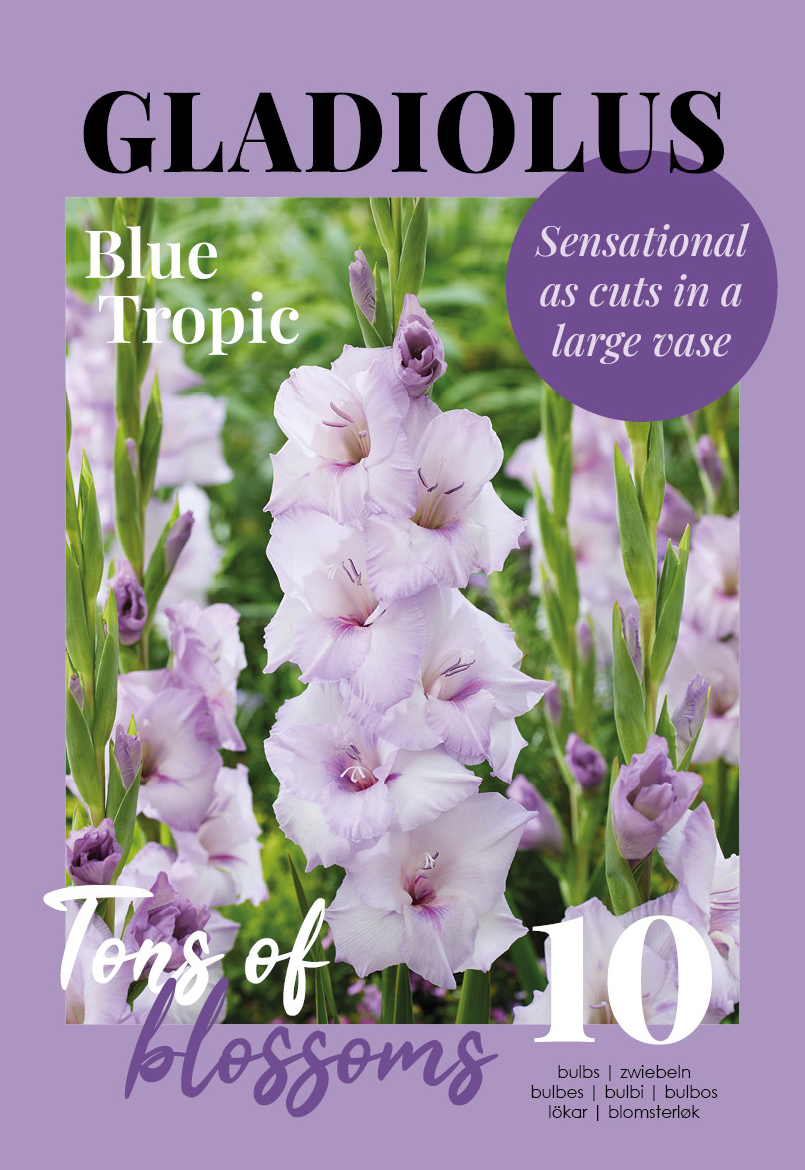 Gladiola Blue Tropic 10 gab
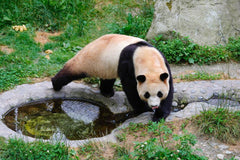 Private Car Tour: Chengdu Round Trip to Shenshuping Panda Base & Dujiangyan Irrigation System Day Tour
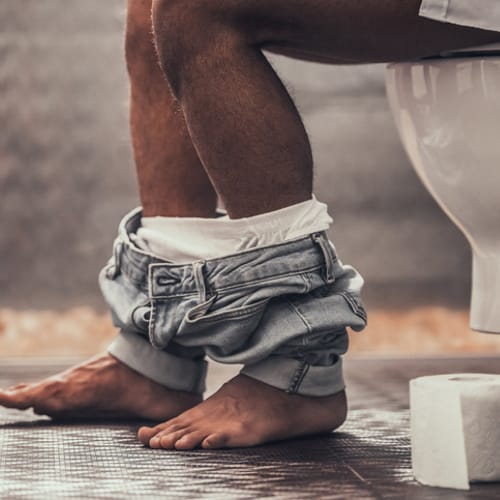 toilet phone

----

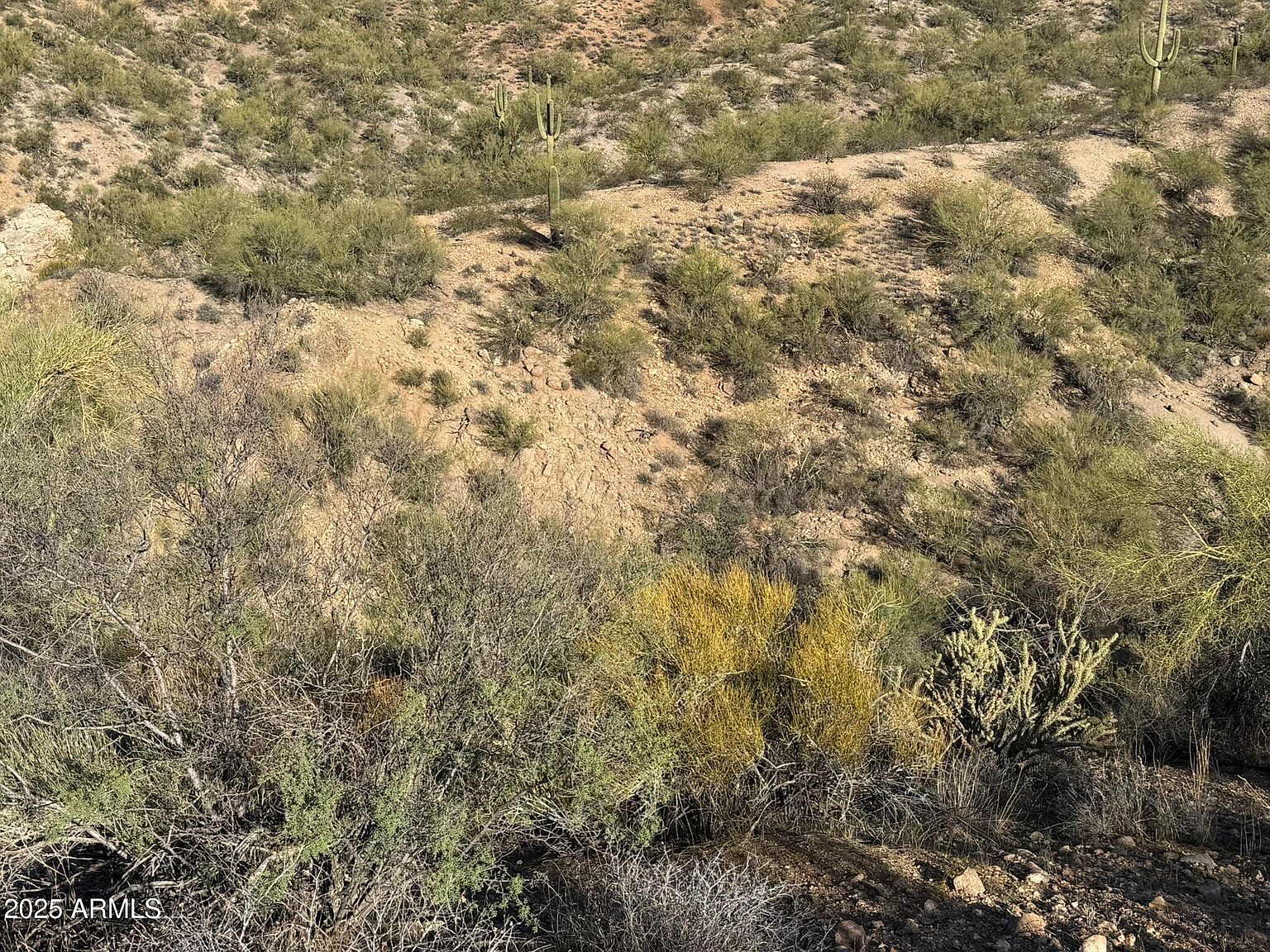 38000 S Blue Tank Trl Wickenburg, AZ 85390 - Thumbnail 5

----

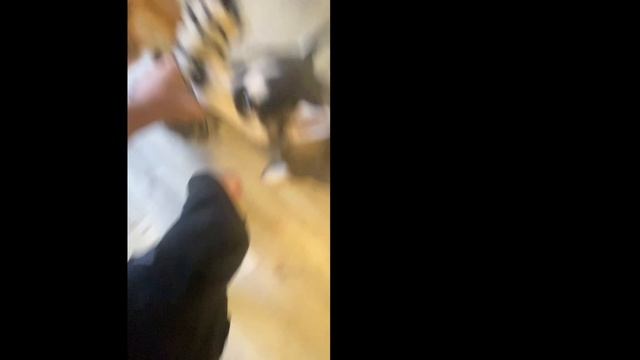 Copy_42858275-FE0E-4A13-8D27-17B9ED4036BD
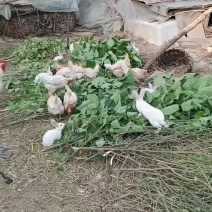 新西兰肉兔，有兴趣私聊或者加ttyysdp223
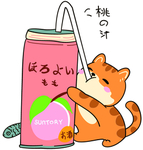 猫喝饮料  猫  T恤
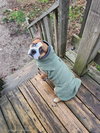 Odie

----

**Prompt:** For this exercise, reproduce exactly the lines of the records above from the one with "Private Car Tour: Chengdu" up to and including the one with "toilet phone", without pictures.

**Task output:**
 Private Car Tour: Chengdu Round Trip to Shenshuping Panda Base & Dujiangyan Irrigation System Day Tour
 toilet phone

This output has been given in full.